The quadratic formula states that for an equation of the form ax^2 + bx + c = 0, the solutions are given by x = (-b ± √(b^2 - 4ac))/(2a).
Comparing this with the given equation, we have a = 2, b = 8, and c = 8.
Substituting these values into the quadratic formula, we have:
x = (-8 ± √(8^2 - 4*2*8))/(2*2)
x = (-8 ± √(64 - 64))/(4)
x = (-8 ± √(0))/(4)
Since the discriminant (b^2 - 4ac) is zero, we have √(0) which simplifies to 0. Therefore, the solutions for x become:
x = (-8 ± 0)/(4)
x = -8/4
x = -2
So the equation 2x^2 + 8x + 8 = 0 has only one real number solution, which is x = -2.
To find the number of real number solutions for the equation 2x^2 + 8x + 8 = 0, we can use the discriminant of the quadratic equation. The discriminant is calculated using the formula D = b^2 - 4ac, where a, b, and c are the coefficients of the equation in standard form ax^2 + bx + c = 0.
For our equation 2x^2 + 8x + 8 = 0, the coefficients are a = 2, b = 8, and c = 8. Substituting these values into the discriminant formula, we get D = (8)^2 - 4(2)(8) = 64 - 64 = 0.

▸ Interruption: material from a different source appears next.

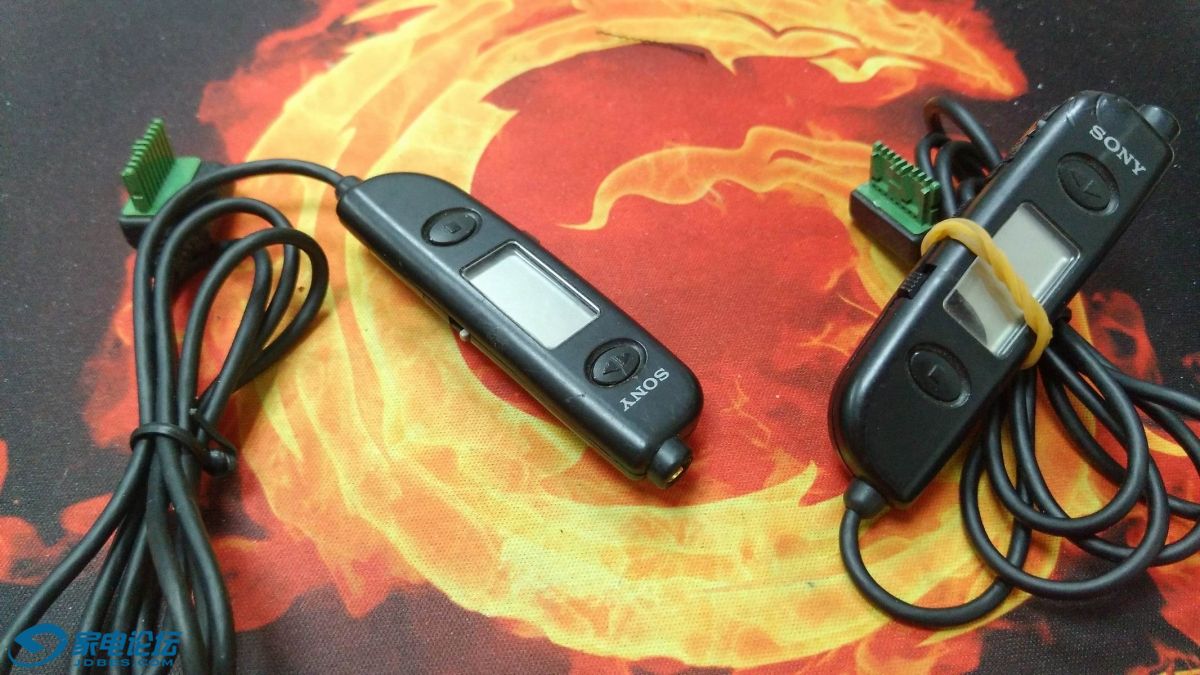 8������Ŵ���E88�߿����������޲⣬��ߵĳ�ɫ�£�50���ұߵ��ƿǣ���ʾ©Һ25��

The value of the discriminant D = 0 indicates that the equation has exactly one real number solution. Furthermore, if the discriminant is positive (D > 0), the equation would have two distinct real number solutions. If the discriminant is negative (D < 0), the equation would have no real number solutions but two complex solutions.
Therefore, the equation 2x^2 + 8x + 8 = 0 has exactly one real number solution.